Task item:
Your answer should hold only the lines from the one with "Продам Volkswagen Passat CC 1.8 2013" through the end of the records, repeated exactly and minus any pictures.

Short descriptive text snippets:
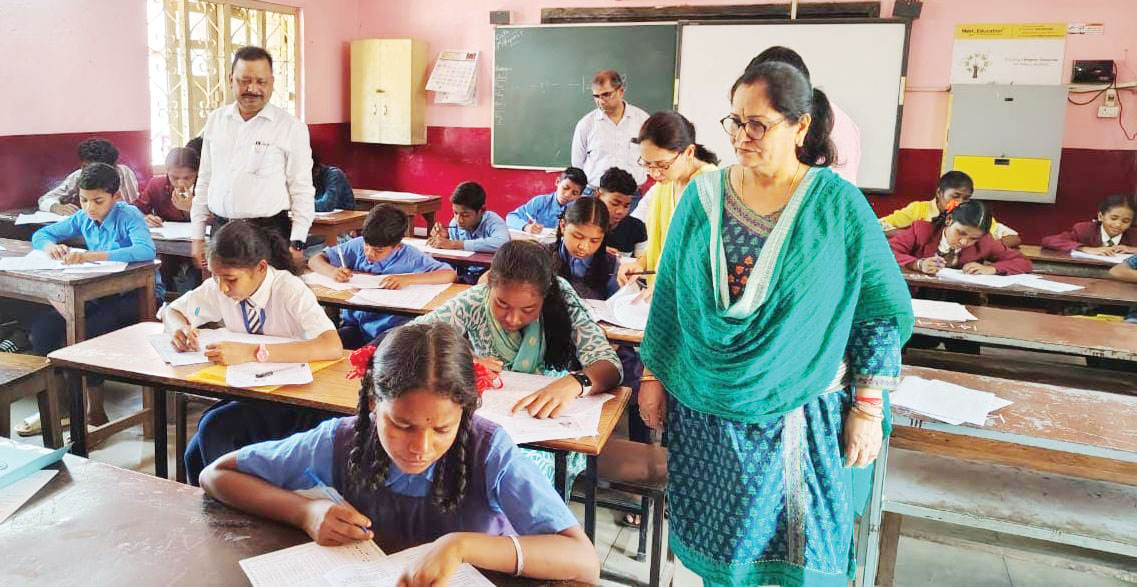 हजार से ज्यादा ने दी प्रयास आवासीय विद्यालय चयन परीक्षा हजार से ज्यादा ने दी प्रयास आवासीय विद्यालय चयन परीक्षा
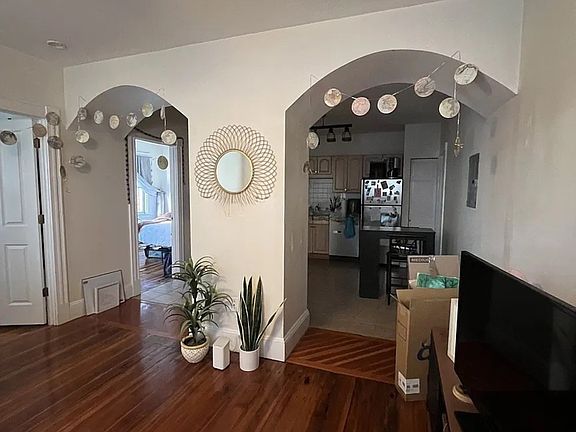 2nd image of 72 Gore St #1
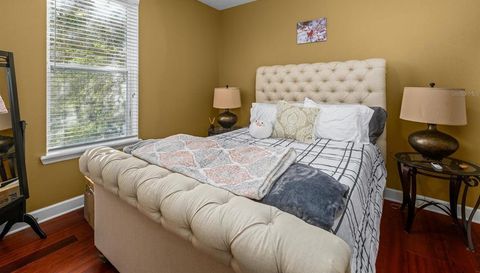 4480 Deerwood Lake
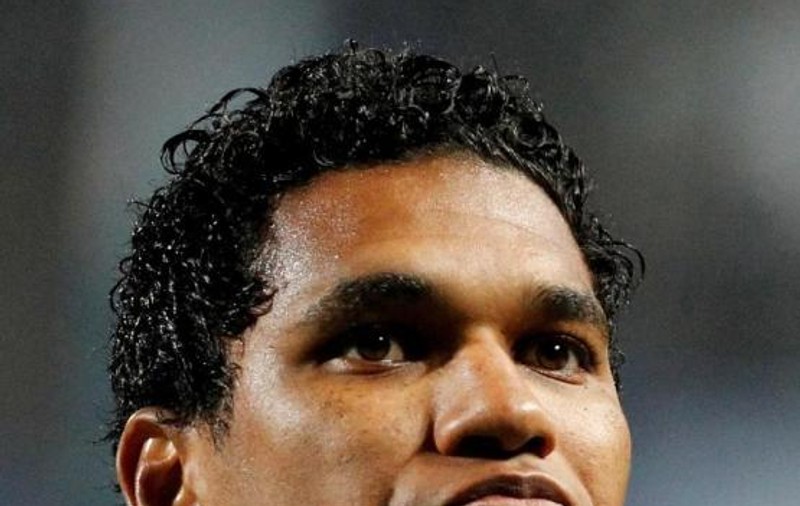 Tatăl fotbalistului Brandao a luat-o razna. Şi-a ameninţat soţia şi vecinii cu un cuţit şi a dat foc locuinţei!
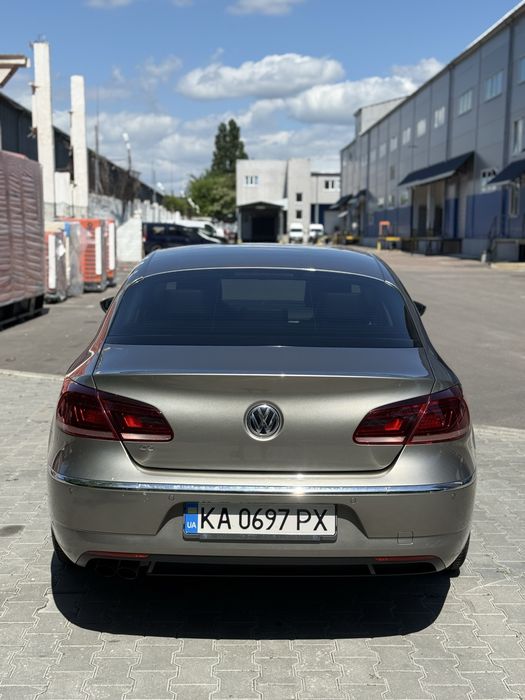 Продам Volkswagen Passat CC 1.8 2013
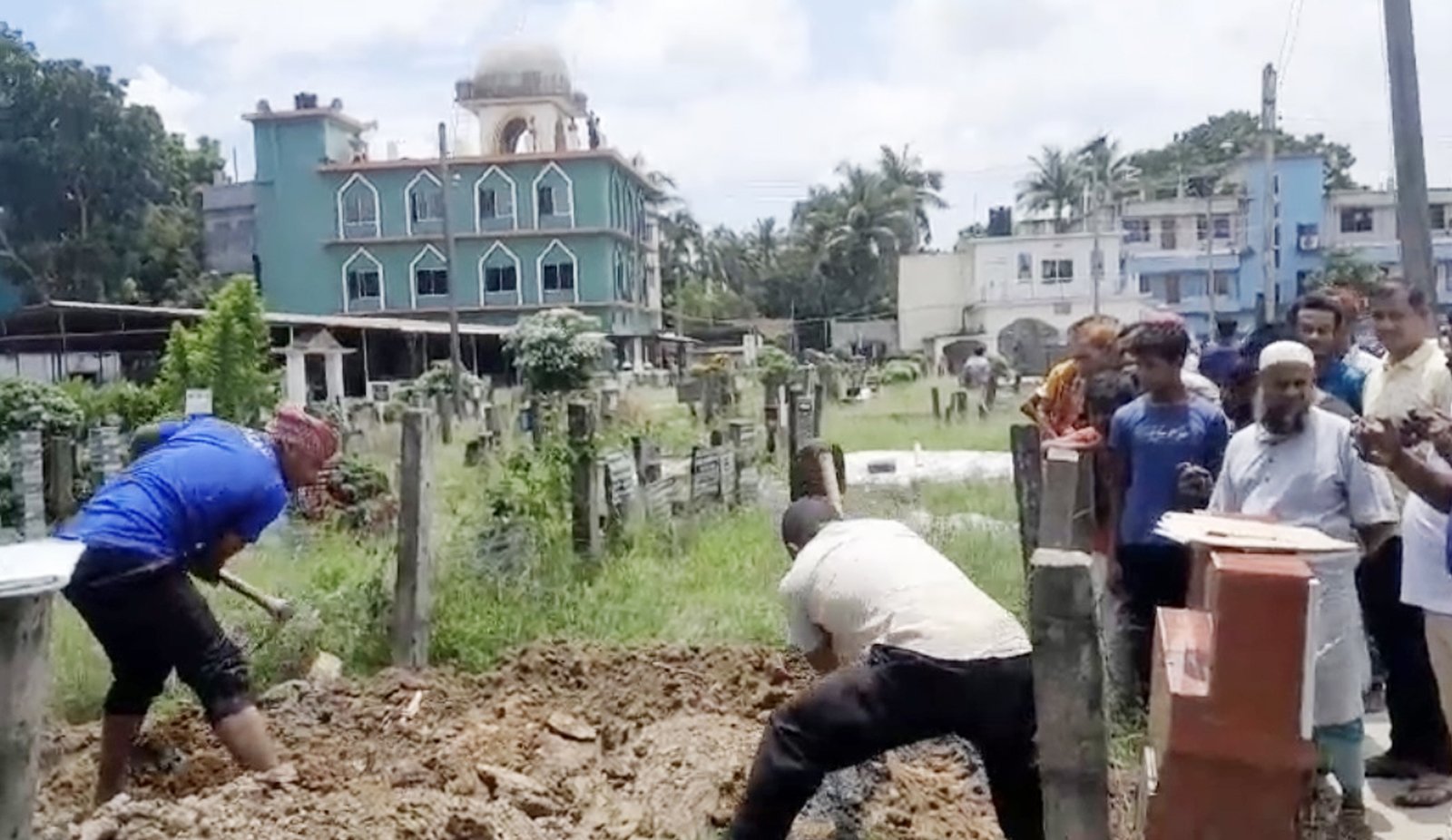 কবর খুঁড়ে তোলা হলো গোপালগঞ্জে নিহত ৩ যুবকের মরদেহ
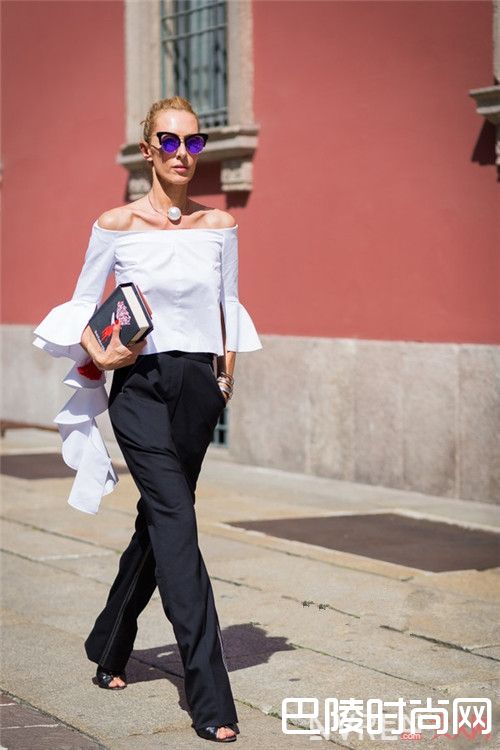 一字领上衣搭配西裤时髦吗_一字肩上衣搭配什么裤子时尚有气质？5个小技巧教你如何驾驭一字肩！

Solution to this task:
 Продам Volkswagen Passat CC 1.8 2013
 কবর খুঁড়ে তোলা হলো গোপালগঞ্জে নিহত ৩ যুবকের মরদেহ
 一字领上衣搭配西裤时髦吗_一字肩上衣搭配什么裤子时尚有气质？5个小技巧教你如何驾驭一字肩！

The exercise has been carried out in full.